Conclusion

Life Among the Minangkabau of Indonesia
Peggy Reeves Sanday


eggiandpeggy


Conclusion

Few Americans can revel in the return to their natal homes. We are alienated from our ancestral roots, wanderers searching for fame and fortune. The Minangkabau also wander far from home in search of a living. However, ancestral values remain at the apex of their culture drawing them home several times a year. Their arrangement of grounding mothering in the land gives a transgenerational solidity to memories of the past and ensures the cultural importance of all things attached to the cycle of life flowing from one generation to the next, particularly birth, marriage, and bearing children.

The Minangkabau have a saying which expresses deep attachment to their ancestral village.
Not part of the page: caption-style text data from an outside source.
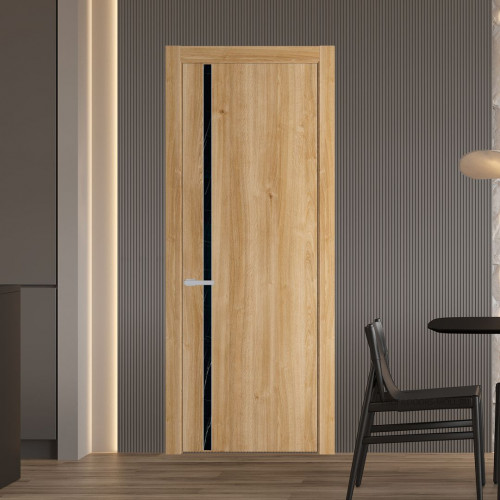 Межкомнатная дверь ProfilDoors 21 NW Дуб Карамель молдинг Серебро стекло Неро мрамор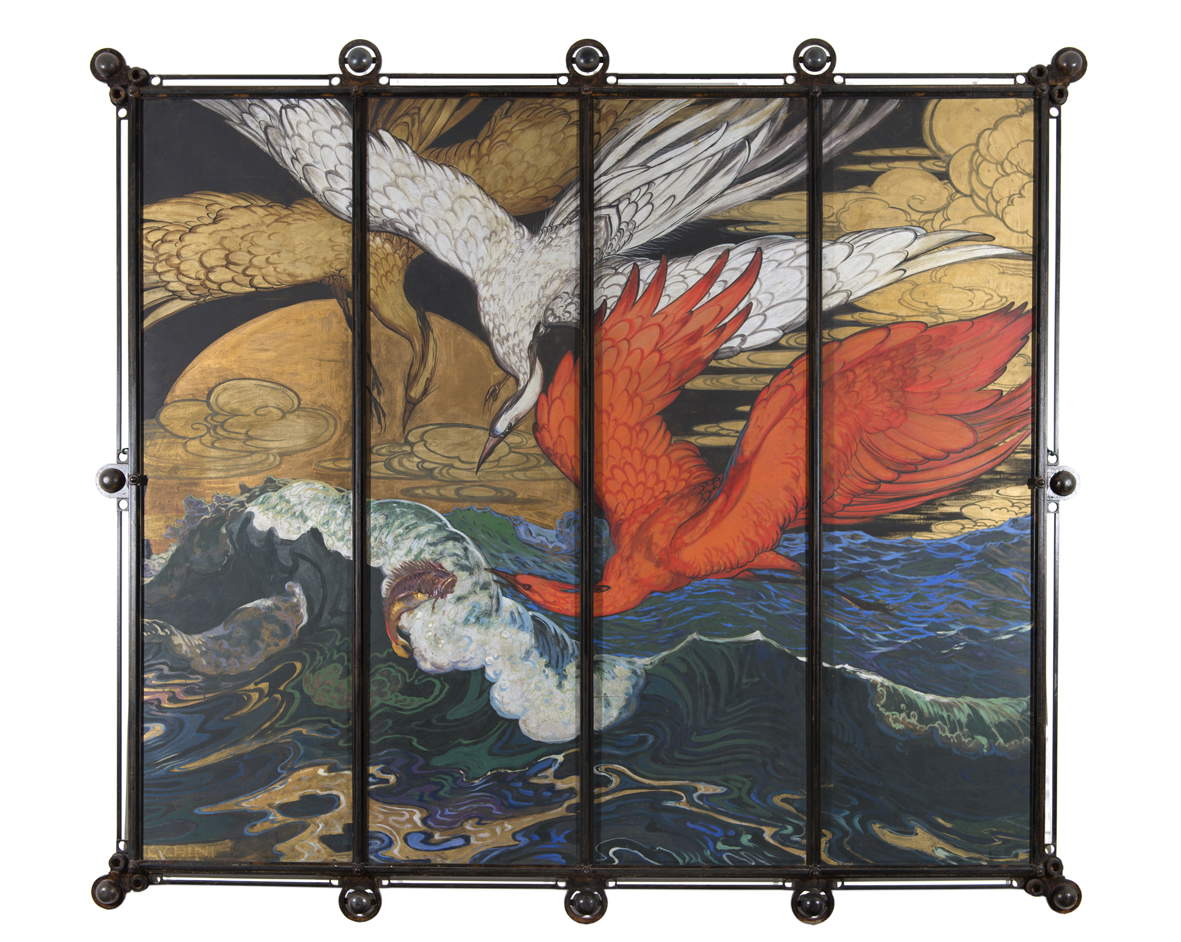 Galileo Chini, Waves, damsels of Numidia and scorpionfish (ca. 1910-1915; four-panel screen, oil on panel, 200 x 240 cm; Pisa, Palazzo Blu)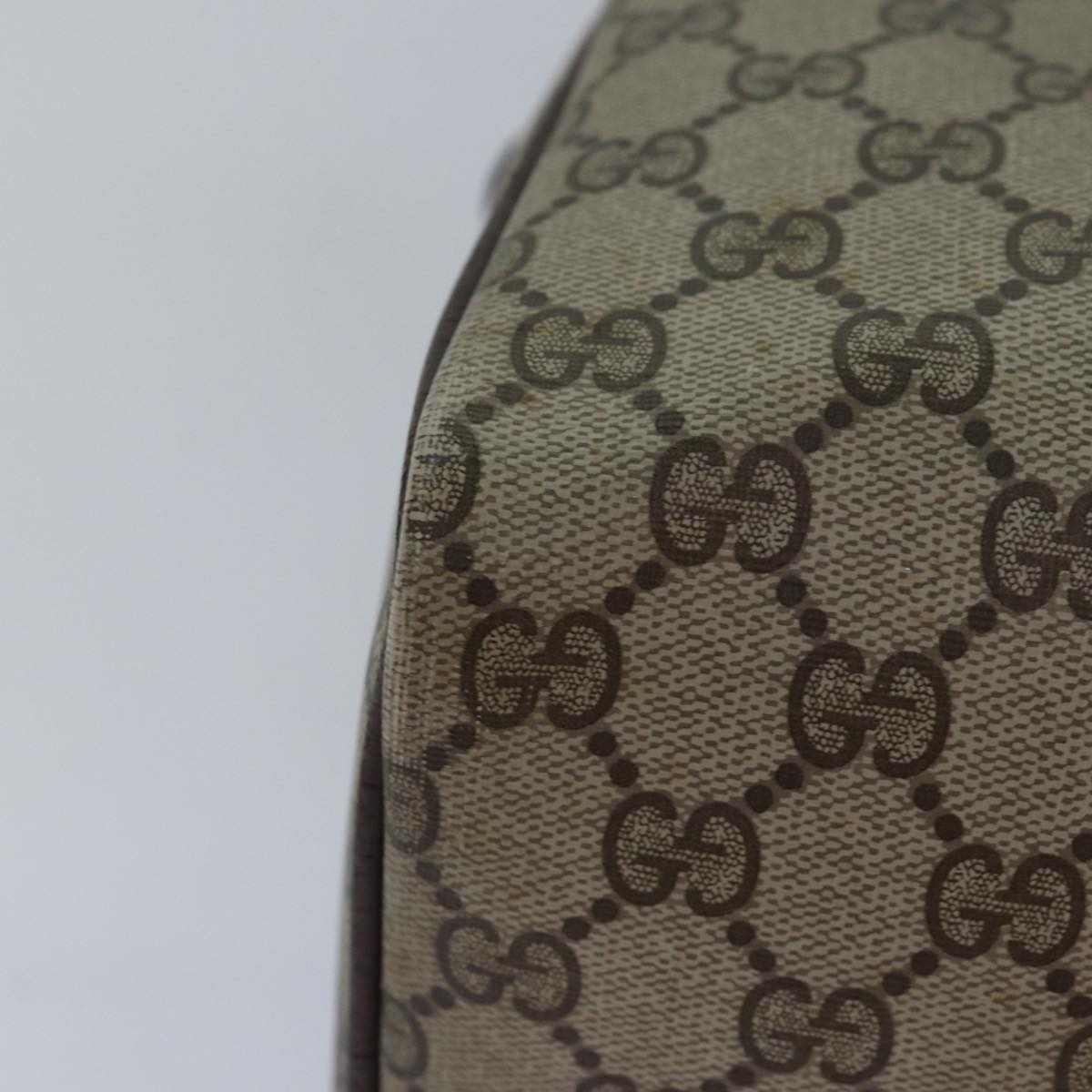 GUCCI GG Supreme Web Sherry Line Boston Bag PVC Leather Beige 81054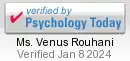 A badge for the verified by psychology today.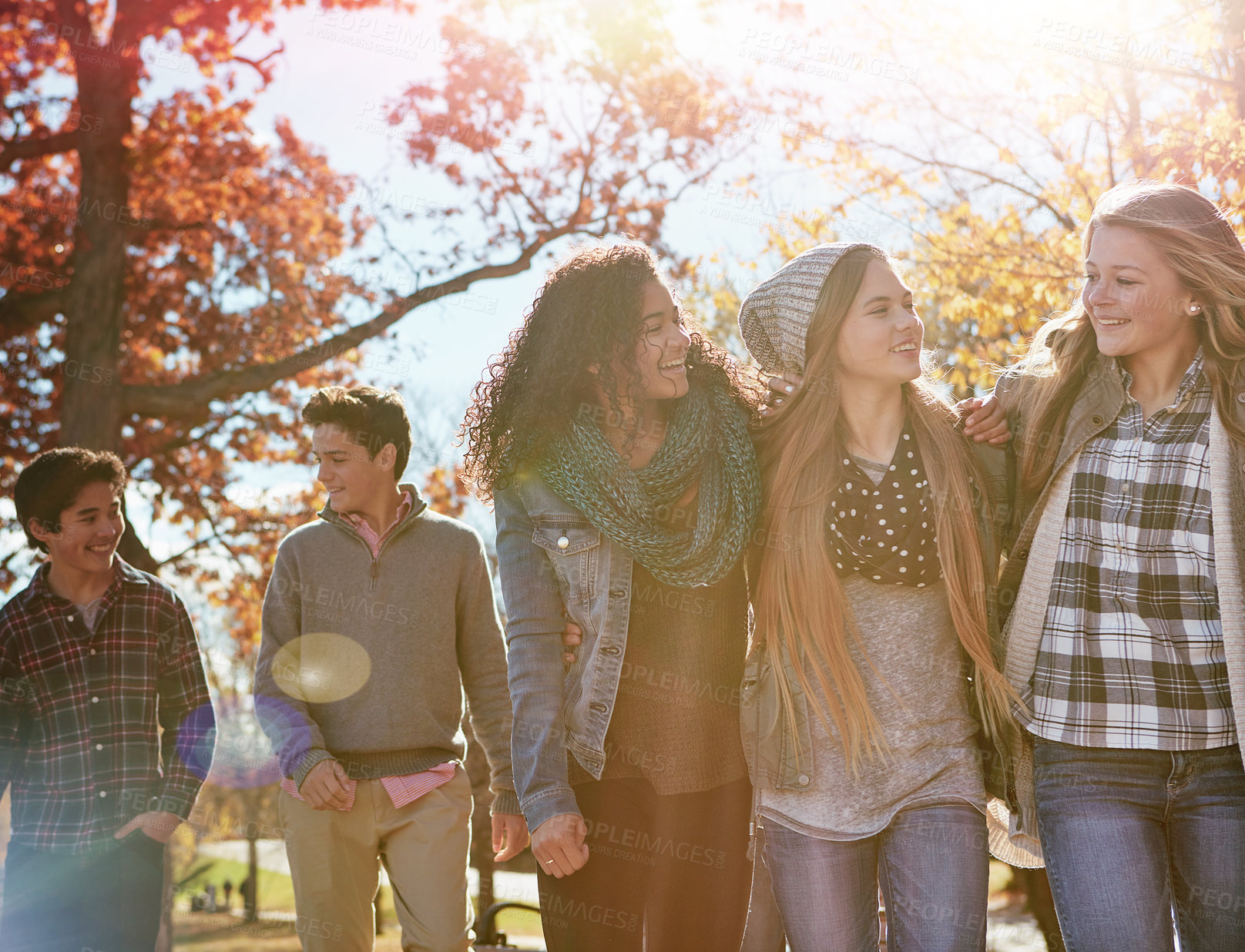 Buy stock photo Shot of a group of teenage friends enjoying an autumn day outside together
Even if it rains gold in other lands
And it rains stone in mine
I will always return to my beloved village.
Every year when my plane hovers over the main airport in West Sumatra and I see the upswing of the buffalo-horned shaped roof tops of the matrilineal households I understand how the Minangkabau feel when they return to their mother’s village.

I am proud that my name is a part of Eggi’s matrilineal line. I hope that I have been a positive influence in her village. Perhaps my sheer pleasure in their customs will help her generation preserve the richness of Minangkabau culture despite the onslaught of Western culture. Some day I hope that Eggi herself will visit me here, bringing with her knowledge of Minangkabau customs. Perhaps this will happen when I am too old to go back to her village and she is old enough to visit mine. One thing I know for sure. Eggi and her family will always have a home with me just as I and my descendants will always find a home in their village.

The story of my involvement with Eggi’s family–a story that links up two lines of women and their descendants–is not uncommon in Minangkabau social life. Women can take up residence in a village and after undergoing the proper ceremonies and payments become formally incorporated into one of the matrilineal clans embracing the rights, duties, and responsibilities of clan membership. In a sense this happened to me when Eggi was named after me and I built an addition on to one of the houses associated with Eggi’s matrilineal clan. However, I never underwent the formal ceremony associated with being adopted into a clan.